Programmatic Impersonation

It is often a requirement in your web application to run with impersonation on. This ensures that the users credentials are directly related to whoever is logged in. However, sometimes you need access to a local file system in which that user may not have access too. What you can do is give access to the App Pool Identity associated with the web application, and then simply turn impersonation off programmatically while you access that directory.
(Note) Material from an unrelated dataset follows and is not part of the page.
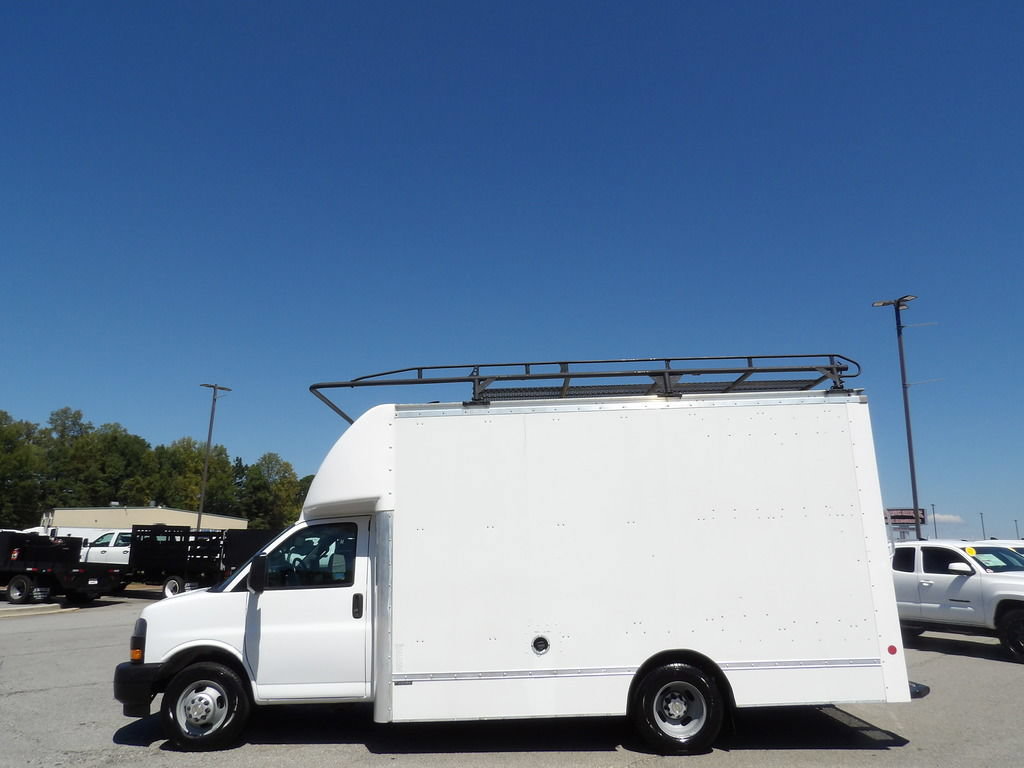 Used 2021 Chevrolet Express 3500 w/ Power Convenience Package RWD image 51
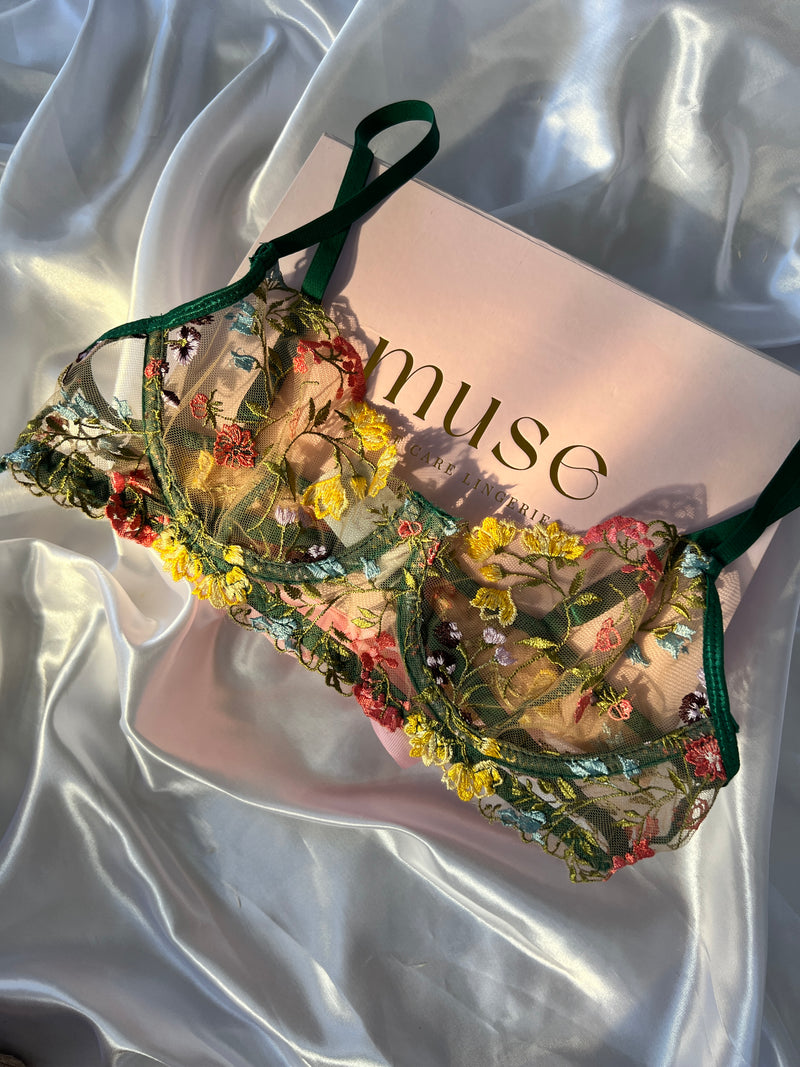 Muse-Lingerie-Emerald-Meadow-Set-Limitierte-Auflage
Of course once you are finished you need to turn it back on.

Check it out:

  1.  
  2. // Stop impersonation
  3. WindowsImpersonationContext ctx = WindowsIdentity.Impersonate(IntPtr.Zero);
  4. try
  5. {
  6.      // Thread is now running under the process identity.
  7.      // Any resource access here uses the process identity.
  8.  
  9.      // TODO: Complete required actions safely (even if it fails, it will revert back to original identity).
  10. }
  11. finally
  12. {
  13.      // Resume impersonation
  14.      ctx.Undo();
  15. }

2 Comments

  1. Jeremy says:

    Although, technically, you are not “disabling” impersonation here, but rather just changing the impersonated context to that of the account used by the App pool… But that works… same effect, I suppose.

  2. Sheil says:

    You should put WindowsImpersonationContext ctx = WindowsIdentity.Impersonate(IntPtr.Zero); inside the try – that way you are sure that once impersonation has completed the finally will be called.